Conheço pessoas que alugaram suas casa por três vezes o valor do
aluguel, em tempos normais. Não há como negar. É uma pena.
Eu
escolhi ficar na minha casa, grande, aconchegante; não abro mão da
minha qualidade de vida por nada no mundo. A casa que construímos, eu e
meu marido, a duras penas, com trabalho honesto é o meu porto seguro, o
lugar para onde gosto de voltar a cada fim do dia. São nossas escolhas.
Mas
Porto Velho não é o inferno na terra.
Quem
chega com uma postura generosa, com amorosidade, quem vem somar, ajudar
a construir o norte do Brasil vê muito mais que apenas suas mazelas,
que, diga-se de passagem, não são piores que as do restante do Brasil.
Quem
vem passar "uma chuva", sabendo que não vai ficar, quem se deixou levar
pelo que a mídia fala de nós, muitas vezes, num tom generalizante e
equivocado, quem só veio buscar sustento, riqueza, melhoria de vida
para plantar em outro lugar, quem já veio disposto a ver o feio, o que
não funciona, não vai ver nada de bom mesmo.

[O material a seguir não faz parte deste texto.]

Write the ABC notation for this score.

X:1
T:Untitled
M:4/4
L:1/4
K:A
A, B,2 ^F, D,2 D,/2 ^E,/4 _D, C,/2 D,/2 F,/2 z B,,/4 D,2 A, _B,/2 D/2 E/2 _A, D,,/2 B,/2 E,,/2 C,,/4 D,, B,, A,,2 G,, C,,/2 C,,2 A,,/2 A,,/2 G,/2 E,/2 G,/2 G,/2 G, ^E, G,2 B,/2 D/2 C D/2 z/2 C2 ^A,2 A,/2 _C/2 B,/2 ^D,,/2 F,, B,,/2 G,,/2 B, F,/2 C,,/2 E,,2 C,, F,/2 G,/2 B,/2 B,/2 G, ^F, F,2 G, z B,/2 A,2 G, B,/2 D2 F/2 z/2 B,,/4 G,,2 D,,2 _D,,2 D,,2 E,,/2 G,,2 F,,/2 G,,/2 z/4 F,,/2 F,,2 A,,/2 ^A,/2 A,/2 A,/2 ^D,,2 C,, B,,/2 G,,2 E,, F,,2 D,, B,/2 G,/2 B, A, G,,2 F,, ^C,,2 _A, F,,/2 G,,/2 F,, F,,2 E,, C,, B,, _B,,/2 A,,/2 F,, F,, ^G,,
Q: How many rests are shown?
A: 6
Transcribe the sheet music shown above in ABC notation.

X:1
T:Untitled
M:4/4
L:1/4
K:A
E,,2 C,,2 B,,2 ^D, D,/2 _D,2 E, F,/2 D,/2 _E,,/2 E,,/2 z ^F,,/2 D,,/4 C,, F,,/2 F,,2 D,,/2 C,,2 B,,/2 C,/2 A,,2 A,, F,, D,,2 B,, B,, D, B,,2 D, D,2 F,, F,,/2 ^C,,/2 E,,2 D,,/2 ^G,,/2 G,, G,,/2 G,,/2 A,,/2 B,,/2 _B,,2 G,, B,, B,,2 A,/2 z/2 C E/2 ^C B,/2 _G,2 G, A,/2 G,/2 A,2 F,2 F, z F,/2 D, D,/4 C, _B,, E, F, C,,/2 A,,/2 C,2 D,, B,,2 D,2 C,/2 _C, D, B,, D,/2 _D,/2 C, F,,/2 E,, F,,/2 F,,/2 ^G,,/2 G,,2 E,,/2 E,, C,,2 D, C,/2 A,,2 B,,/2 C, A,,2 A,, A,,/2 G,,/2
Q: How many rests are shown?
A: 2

O olhar já chega
contaminado.
Como
vamos interagir com pessoas que nos veem assim?
Estamos
no início deste novo ciclo, em função da construção das usinas. Todo
dia tem alguém que "Chegou hoje" a Porto Velho.
Antes
de embarcar para Campinas, vivi uma cena hilária, para dizer o mínimo:
Estava
num salão, cortando o cabelo e entrou uma moça recém-chegada.
Reclamou
de tudo: do trânsito, disso e daquilo e terminou perguntando:
O
sol de vocês nunca esfria não, é? Estou andando de roupa de mangas, é
muito ardido!!!!
Alguém
já viu o sol esfriar?
Não
há o sol de Rondônia, há o sol de todos nós.
Mas,
em Rondônia, ele brilha lindamente.
Aos
que chegam, cheguem com o coração aberto, abram os olhos para ver tudo
e verão que há belezas, sim, no plural. Que há acertos, limpeza,
progresso, sim! Sejam, apenas, delicados. Permitam-se experienciar
outra região, outros falares, outras crenças, outros jeitos de
estar-no-mundo.
Vocês
encontram uma história que começou de há muito. Há que se respeitar os
que aqui nasceram, os que aqui chegaram muito antes de vocês e que
estão se esforçando para tornar esta terra um lugar onde é muito bom
viver.
Precisamos
disso.
Rondônia,
Porto Velho e as demais cidades precisam disso: amorosidade,
delicadeza, força de trabalho, amor à terra que os acolhe e que
garantirá o seu sustento. É por isso que vocês vieram, não é?
Então,
sejam bem-vindos!!
Quem
sabe, vocês desenvolvem uma relação de pertencimento com esta terra e
vão ficando por aqui quando terminar a construção das usinas?